DSGetStageInfo giving inaccurate results

Posted: Thu Aug 16, 2018 8:52 am
by thompsonp
Jobs that work as expected on v8.1 have been migrated to v11.5
As part of an after job subroutine the link counts are examined using

Code: Select all

DSGetLinkInfo(JobHandle,ThisStage,ThisLink,DSJ.LINKROWCOUNT)
Based on the naming convention of the links a simple check is performed which is essentially sum of inputs = sum of outputs

In v8.1 this is working, but in v11.5 some jobs report incorrect numbers on links.
As an example a link writing to a dataset might report 5000 records in the after job subroutine, but if I open the dataset in DataSet Management the number of records will be as expected, say 9500.
As a consequence the reconciliation fails and the subroutine aborts the job.
If I manually run the same code in the subroutine after the job has completed it is also giving the wrong link counts.

I have raised a case with IBM and their feedback so far is that JobMonApp can suffer a lag on heavily loaded systems.

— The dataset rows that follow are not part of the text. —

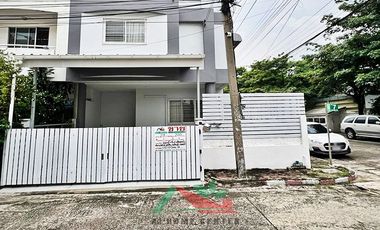 For rent and for sale 4 bedrooms townhouse in Mueang Samut Prakan, Samut Prakan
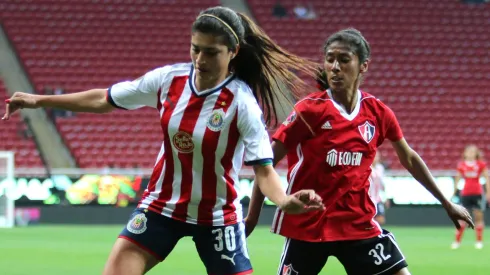 Alondra González pasó jugar en Chivas a vender café.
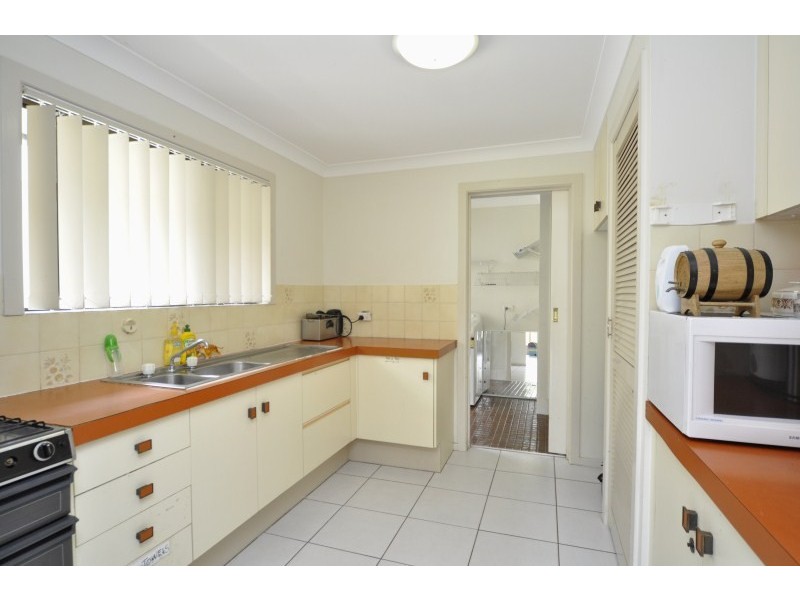 23 Schneider Avenue, Labrador QLD 4215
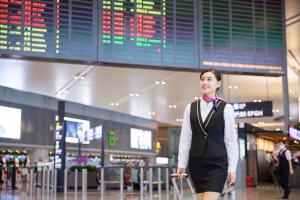 2025年报考航空服务专业有什么要求?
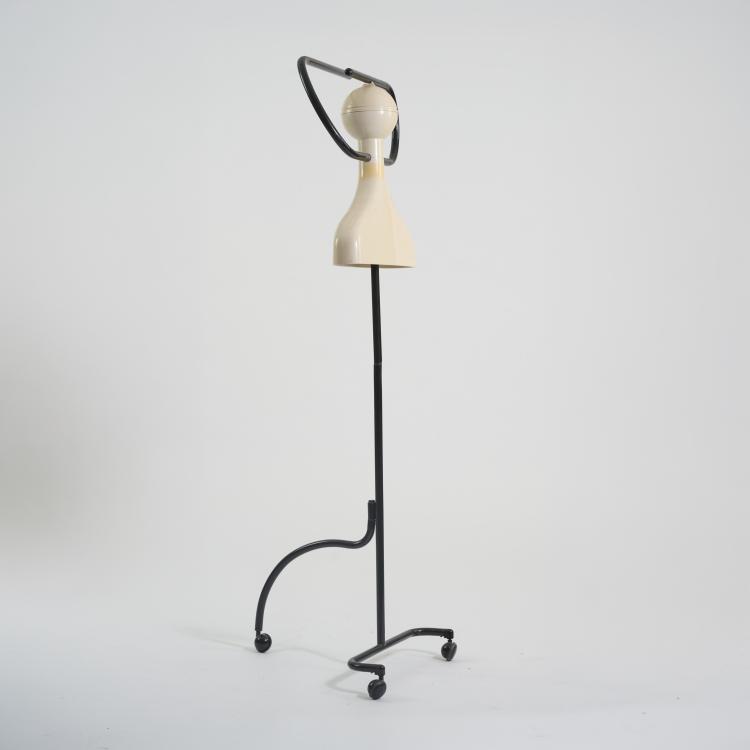 Bild 1 zu Objekt, Valet stand, 1989 (Design), Anna Castelli Ferrieri, Kartell, Noviglio, 182B 595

This system however is new and only being used by me (for now) and is not at all heavily utilised when these failures occur.

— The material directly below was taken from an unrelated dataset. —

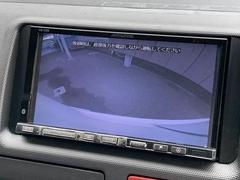 【カラーバックモニター】を装備しております。リアの映像がカラーで映し出されますので日々の駐車も安心安全です。 3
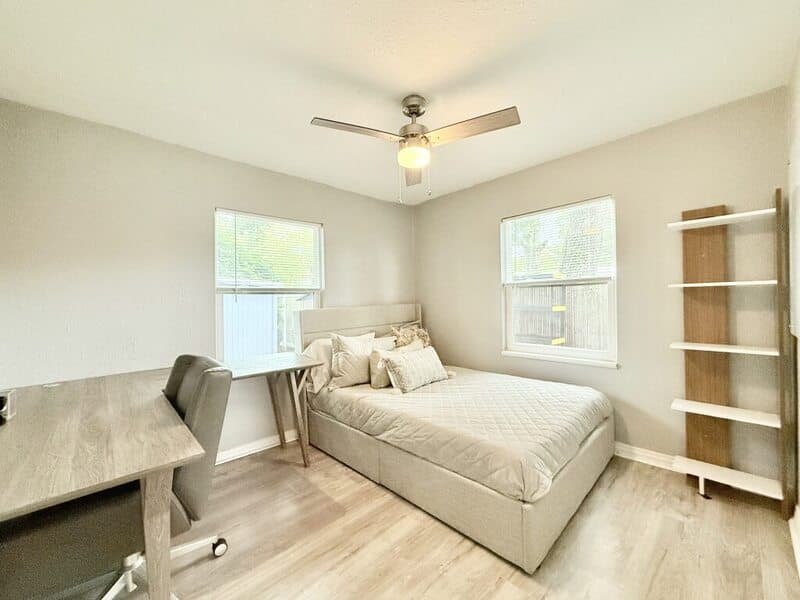 St. Petersburg House: 4528 70th Street North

I'd appreciate any suggestions about what could be going wrong whilst I await further feedback and suggestions from IBM.

Also if anyone knows the mechanism by which the link counts are captured and stored please can you explain the process; that might point to somewhere else I can look to try and identify the underlying issue.

All I have been able to see is that JobMonApp.log is being written to with details of the counts very frequently. Does another process examine this file and store the results elsewhere when the job completes?

In an effort to workaround the problem during initial testing on v11.5 I added a sleep 10 to the subroutine and it hasn't happened since, but that's not a long term solution.

Re: DSGetStageInfo giving inaccurate results

Posted: Thu Aug 16, 2018 9:35 am
by chulett
thompsonp wrote:In an effort to workaround the problem during initial testing on v11.5 I added a sleep 10 to the subroutine and it hasn't happened since, but that's not a long term solution.
I know, right? The long term solution might be a sleep 30. :wink:

Sorry, wish I had something more useful to add. Others may know the gory details of how it all works under the covers, all I seem to recall is it getting them from one of the job related hashed files in the project (or maybe XMETA now) but don't quote me on that.

Posted: Thu Aug 16, 2018 9:43 pm
by ray.wurlod
Check that the 11.5 version is not returning a dynamic array of row counts, with one element per node.

If it is, you could apply a SUM() function to the dynamic array.

Posted: Fri Aug 17, 2018 7:51 am
by thompsonp
With option DSJ.LINKROWCOUNT the count is returned as a single value.
If I change that to DSJ.INSTROWCOUNT I get a comma separated list of counts for each partition.

Does anyone know what these DataStage Basic functions are examining to get the results? Is it something I can check using some other mechanism?

I could see counts being sent to JobMonApp.log, but are the counts from there written elsewhere before the DS basic functions are able to retrieve them?

Thanks

Posted: Sun Aug 19, 2018 6:50 pm
by ray.wurlod
Historically the row counts were stored in the RT_STATUSnnn table for the job. There are separate records for each stage and link in that table, and the structure of the records has always been undocumented (and are different for job records, stage records and link records).

I don't know whether this storage mechanism is still the case in version 11.x.

Posted: Mon Sep 24, 2018 7:08 am
by thompsonp
The issue went away for a while but has now resurfaced in a test environment.
It's back with IBM support with all kinds of tracing and debugging enabled.